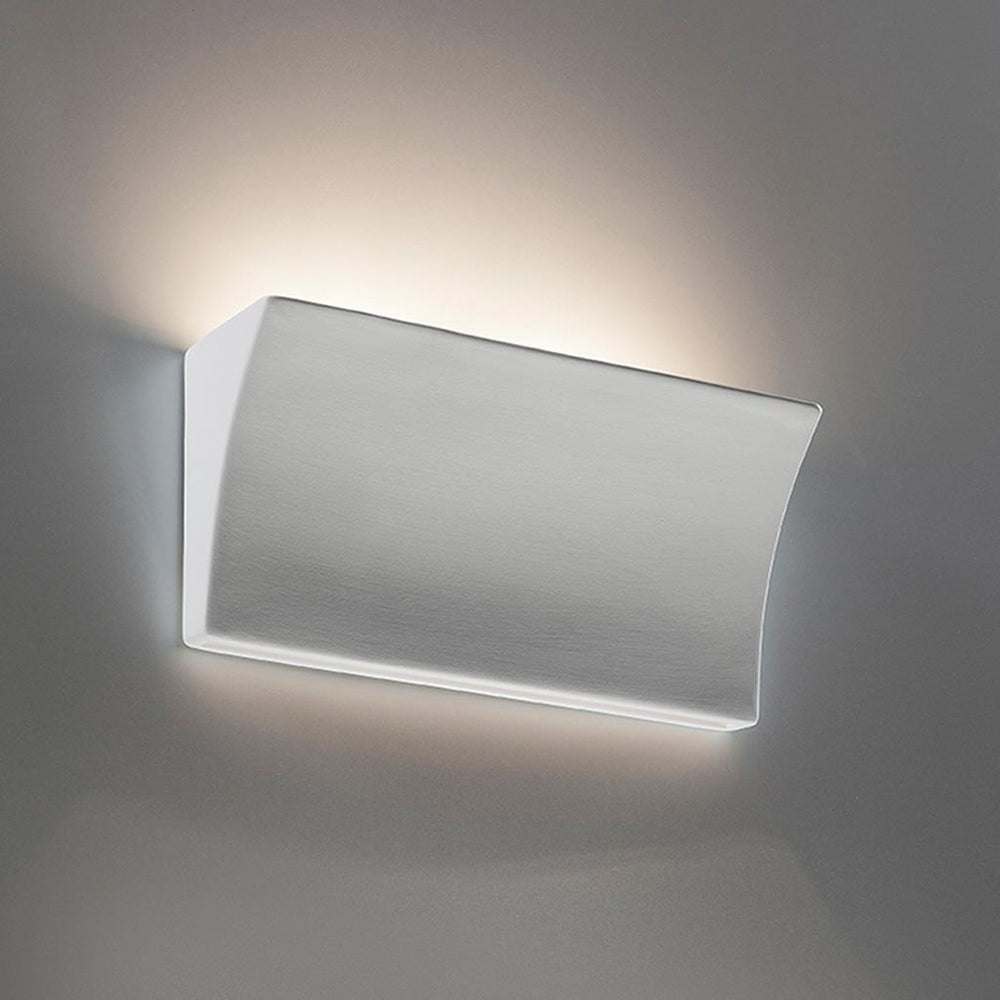 Buy Wall Sconce Australia BF-2014 Up & Down Wall Lights White Ceramic - 11035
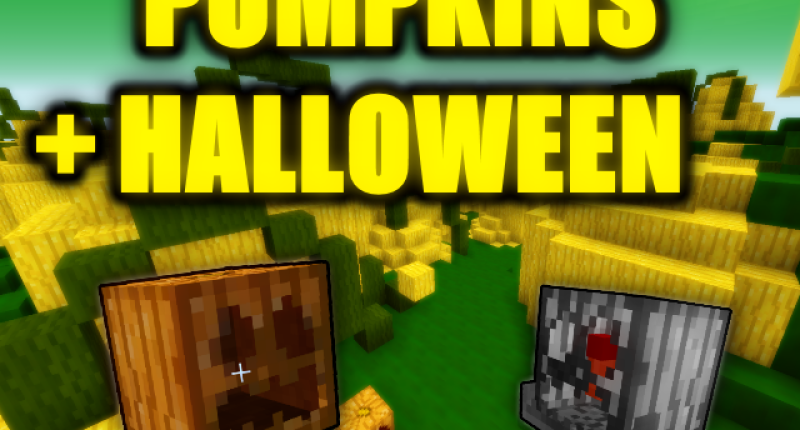 Pumpkins and Halloween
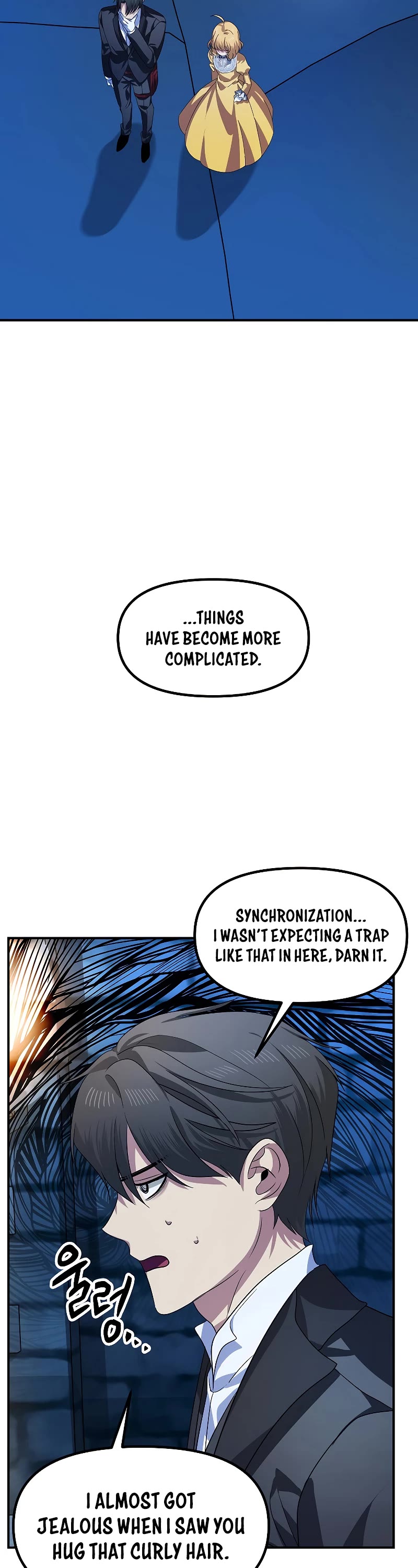 SSS-Class Suicide Hunter Chapter 86 page 39 - Chapter 86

########

No pictures belong in the copy. Retype exactly, and only, the lines from the line containing "Pumpkins and Halloween" through the last line of the data, both included.

 Pumpkins and Halloween
 SSS-Class Suicide Hunter Chapter 86 page 39 - Chapter 86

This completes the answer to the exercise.